The UK government recently published an interim update on its consultation on proposed legislation to tackle online harms. The legislation will impose a new duty of care on companies that facilitate the sharing of user-generated content to protect users from harmful online content and activity.
The update is low on policy detail but, using its own words, indicates the "direction of travel" in a number of key areas. A full report will be published in the spring.
The new rules will apply to businesses that provide services or use functionality on websites operated in the UK that facilitate the sharing of user-generated content or user interactions, through comments, forums or video sharing and the like. To be in scope for the proposed legislation, a business has to operate its own website (including mobile platforms) with the functionality to enable sharing of user-generated content or user interactions.

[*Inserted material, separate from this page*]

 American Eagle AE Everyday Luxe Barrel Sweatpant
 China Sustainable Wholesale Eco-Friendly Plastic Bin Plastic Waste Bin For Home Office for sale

Online harms is the collective term given to an array of harmful content and activity. The focus is often on terrorism and child sexual abuse, but revenge porn, hate crime, harassment, promotion of self-harm, disinformation, trolling and the sale of illegal goods are all covered. We are told that the regulator will produce guidance detailing how each category of harm should best be addressed.
A clear division is made between illegal and legal content. Illegal content will need to be removed expeditiously and systems will need to be in place to minimise the risk of it appearing in the first instance. With regard to legal content, the UK government is concerned not to curb freedom of expression unduly. Accordingly, businesses will be required to state explicitly what content and behaviour they deem to be unacceptable on their sites and enforce their policies consistently and transparently.
The proposed legislation will provide that child users, in particular, are to be protected. Companies will be expected to use a range of tools including age-assurance and age-verification technologies to prevent children from accessing age-inappropriate content and to protect them from other harms.
In line with the approach in recent legislation combating bribery, tax evasion and money laundering, the focus is on ensuring that companies adopt appropriate and effective systems and processes.
The update is littered with reference to proportionality, with assurance given to small businesses that the legislation will not be overly burdensome on them. Risk will be the main differentiator, followed by size and resources. What this may mean in practice is a multitiered system with the potential for real uncertainty as to proper implementation. Stakeholders' engagement with the regulator from an early stage will be vital.
In addition to fines, the government proposed enforcement by way of senior management liability and business disruption measures. This caused widespread concern among social media companies. We are told that the government is considering the responses to this aspect of the proposal – an indication that sanctions may not be as draconian as originally proposed.
The Office of Communications, known as Ofcom, has been named as the government's choice for regulator. As it already oversees TV and radio, as well as postal, phone and broadband services, there is certainly logic in the choice. This is, however, an entirely new ball game. Whether it will be able to cope effectively with this enormously complex and vast new brief is to be seen.
Interim codes of conduct
The government expects that companies should be taking action now to tackle harmful content or activity on their services. Voluntary interim codes of practice on tackling terrorist and child sexual exploitation and abuse content and activity will be produced in the coming months.